EXERCISE REQUIREMENTS — Retype the lines of the listing below exactly, but only those from the one containing "4 sheets from this stack of 4 foot ..." through the last line; pictures stay out.
**** RECORDS SHOWN
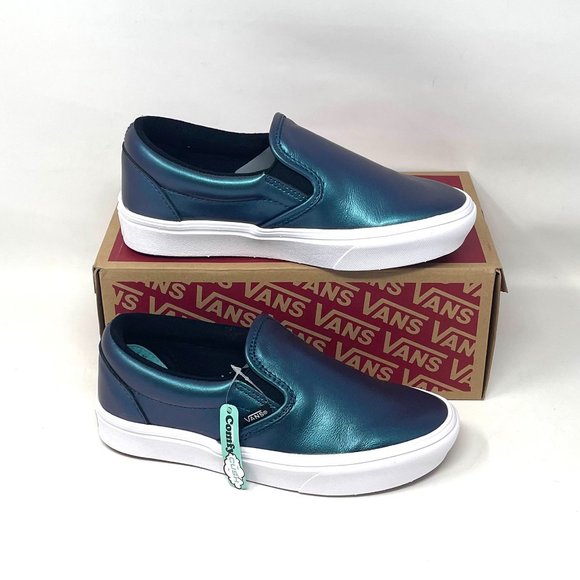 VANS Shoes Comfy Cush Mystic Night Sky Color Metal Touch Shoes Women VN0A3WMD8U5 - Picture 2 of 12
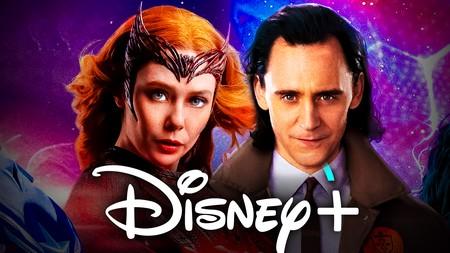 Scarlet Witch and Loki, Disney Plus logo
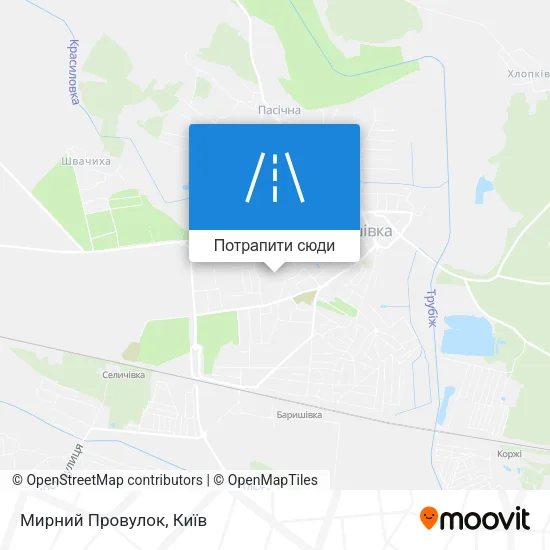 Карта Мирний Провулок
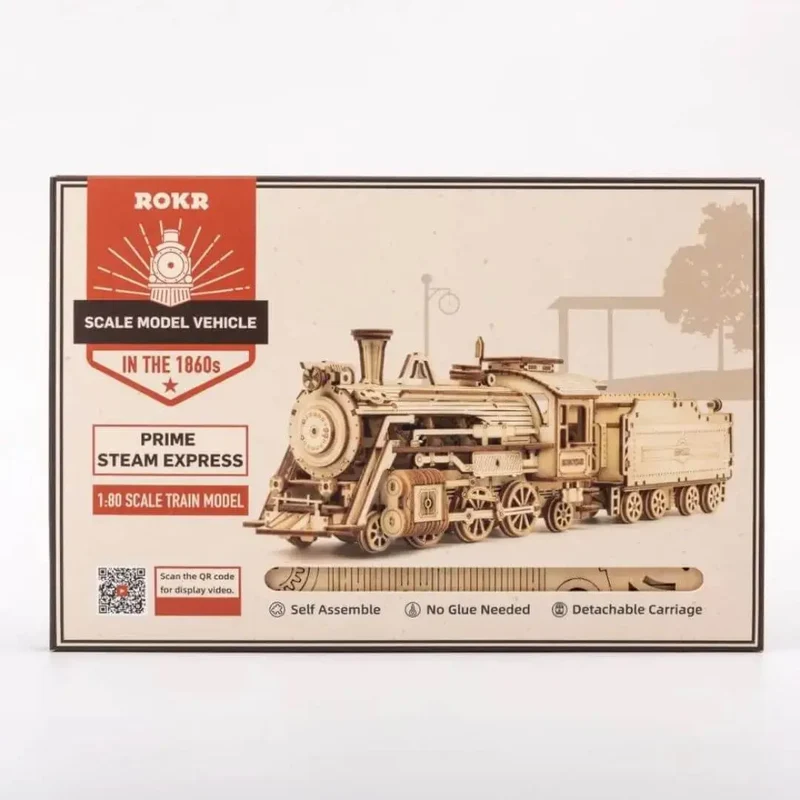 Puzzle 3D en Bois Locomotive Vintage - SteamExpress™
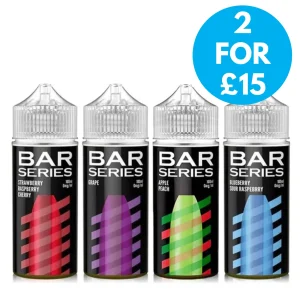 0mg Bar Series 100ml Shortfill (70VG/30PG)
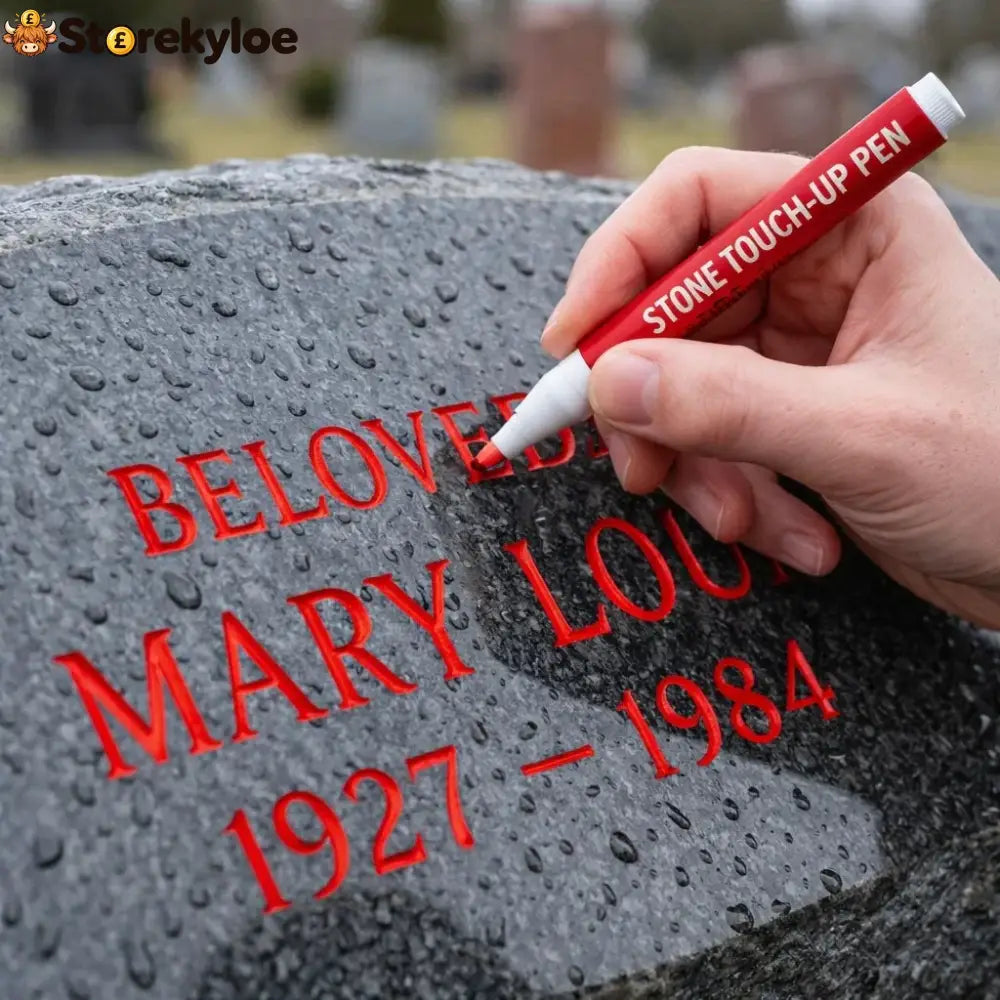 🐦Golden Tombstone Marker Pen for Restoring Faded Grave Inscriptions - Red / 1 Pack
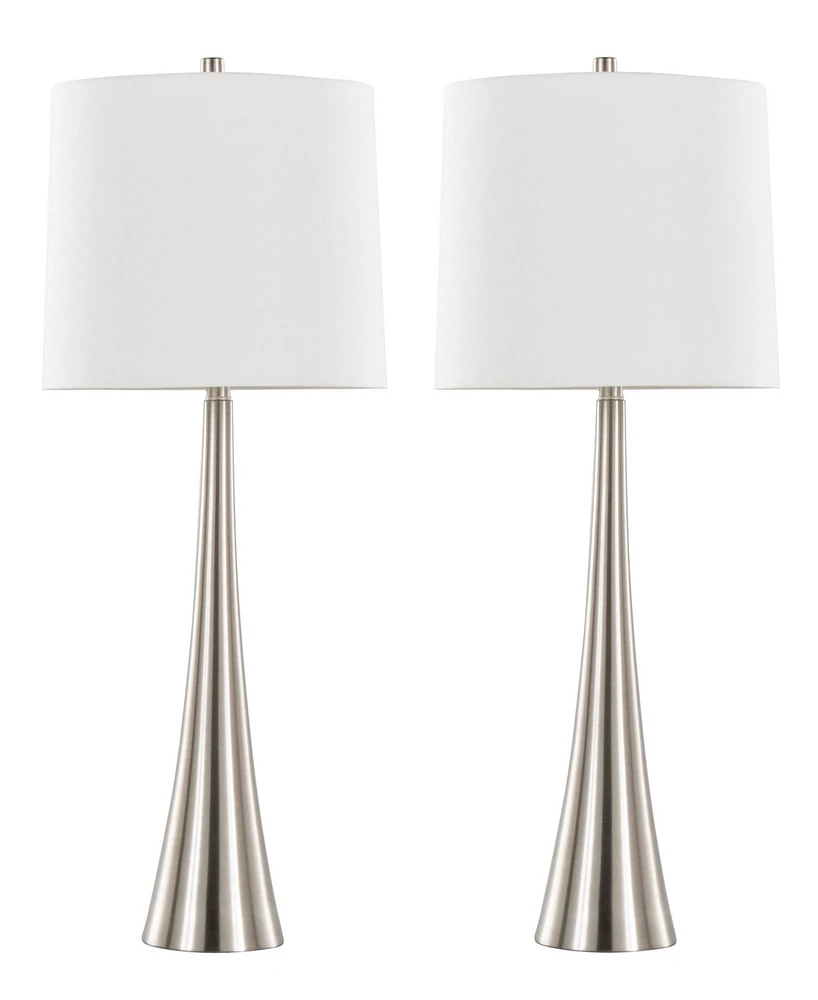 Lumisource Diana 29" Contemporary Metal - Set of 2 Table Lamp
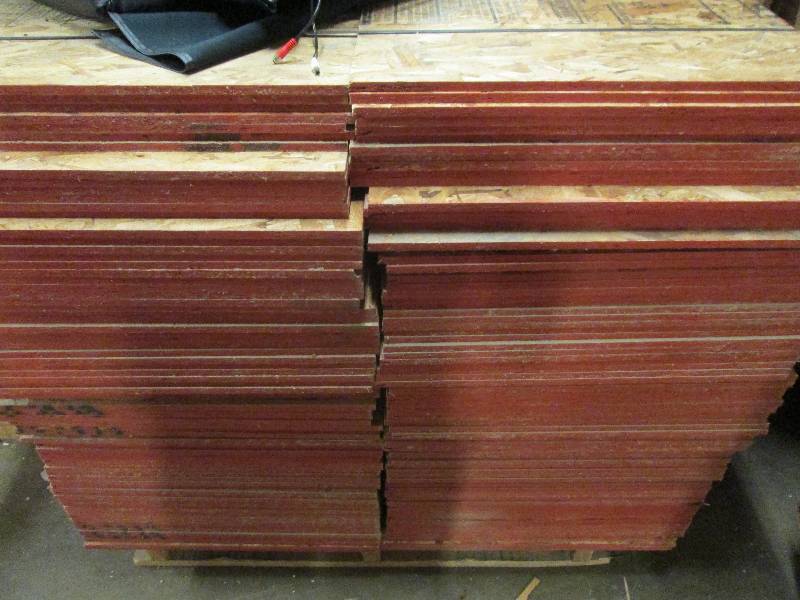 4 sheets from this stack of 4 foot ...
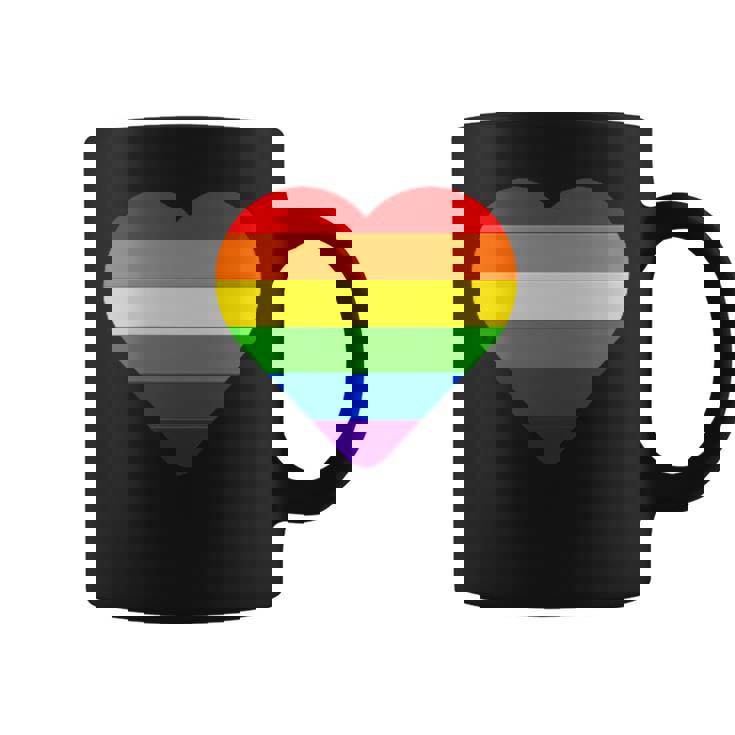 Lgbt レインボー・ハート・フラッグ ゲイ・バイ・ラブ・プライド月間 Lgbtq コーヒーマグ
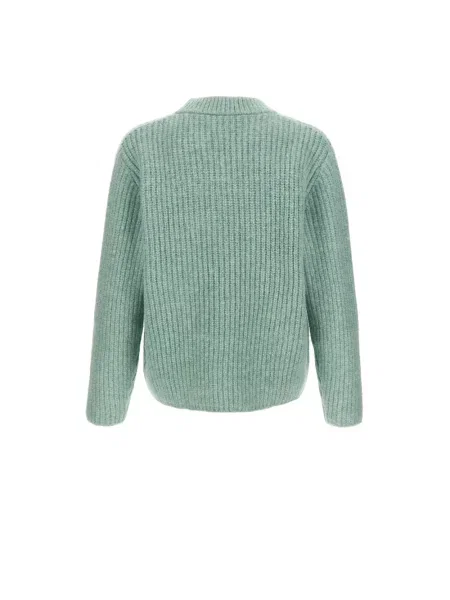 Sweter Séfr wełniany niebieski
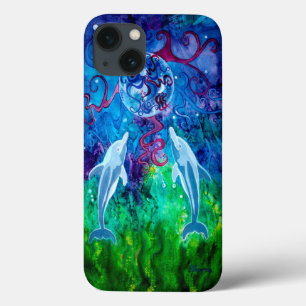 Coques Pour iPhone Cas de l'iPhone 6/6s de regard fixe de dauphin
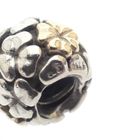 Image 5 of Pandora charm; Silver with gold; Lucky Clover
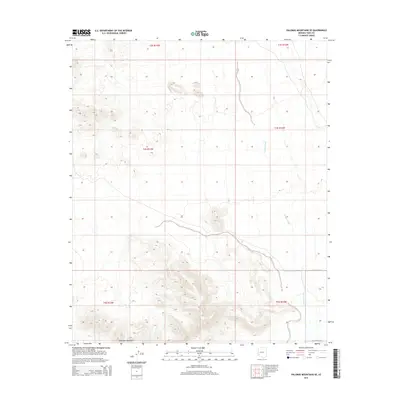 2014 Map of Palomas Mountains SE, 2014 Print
********
WORKED SOLUTION —
 4 sheets from this stack of 4 foot ...
 Lgbt レインボー・ハート・フラッグ ゲイ・バイ・ラブ・プライド月間 Lgbtq コーヒーマグ
 Sweter Séfr wełniany niebieski
 Coques Pour iPhone Cas de l'iPhone 6/6s de regard fixe de dauphin
 Image 5 of Pandora charm; Silver with gold; Lucky Clover
 2014 Map of Palomas Mountains SE, 2014 Print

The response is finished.